Lots of different things at different times. There's a guy named Dennis Sandole who wrote a book called Guitar Lore
Guitar Lore: Dennis Sandole: 9781598060874: Amazon.com: Books It's an amazing set of everything from chromatics, open strings, chords, scales, etc. He was a teacher for Pat Martino and John Coltrane among others. You get why when you look through this stuff.
I run a bunch of exercises from Jazz Guitar Technique by Andrew Green sometimes. That gets me playing shapes, lines and fingerings I'd never have thought of. It really opens up the guitar for me when I've been consistent with it for a while.

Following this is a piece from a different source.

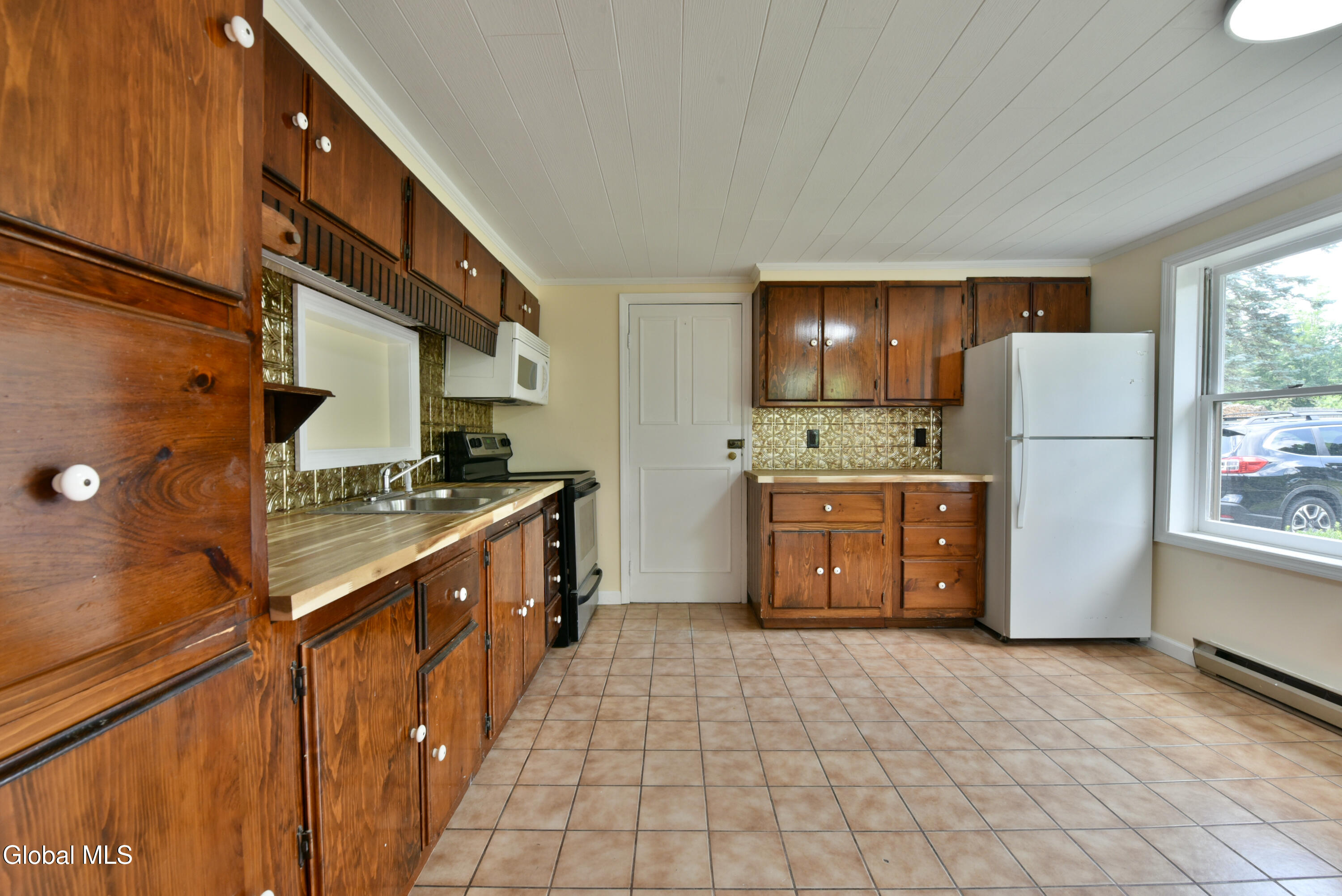 300 Vandenburgh Point Road Gloversville NY 12078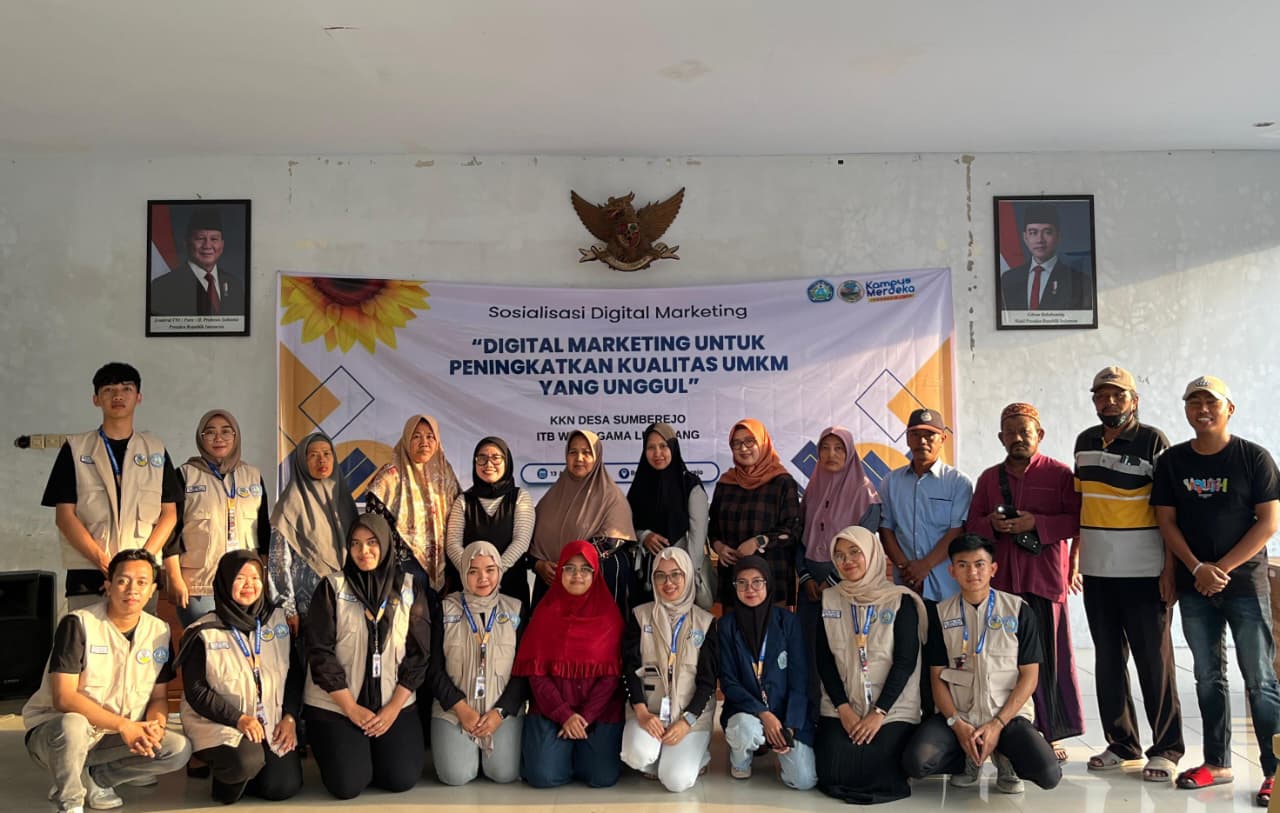 Mahasiswa ITB Widya Gama Lumajang Gelar Program Optimasi Pemasaran Produk UMKM di Desa Sumberejo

The thing I come back to the most is from my old teacher, Mike Elliott (monster jazzer and studio guy). He was a student and music store co-owner with the legendary Johnny Smith. Also rep'd for Gibson and did tons of duets with Howard Roberts. Friends with Pat Martino and lots of the other jazz guitar monsters. He got an exercise from Johnny Smith that was his technical thing every day when he practiced. It's 3 octave arpeggios, major, then relative minor with specific fingerings through all 12 keys, then the same thing for major, then harmonic minor scales. HUGE emphasis on doing it cleanly, evenly and with every note well articulated. If not, slow down. He'd say minimum pro level execution was Arps at 120 and scales at 132. He could get them up over 180 on a jazz box with at least a 15 on his high E, but then he broke a tendon in his picking hand. The last time I heard him play before his health went on a total down slide he said he'd gotten up to something like 158. He was completely dancing on the jazz tunes he played. It was some of the most amazing shit I'd ever heard and the freedom of execution was startling and always musical.
I don't often use the fingerings of the 3 octave stuff I practice when playing, but doing that stuff has totally freed up the fingerboard and I find myself comfortable all over the place.
On the slow side of things which I almost never hear anyone talk about when they talk about practice, I practice a lot of chord melody stuff which strengthens me hugely and is actually playing music as practice.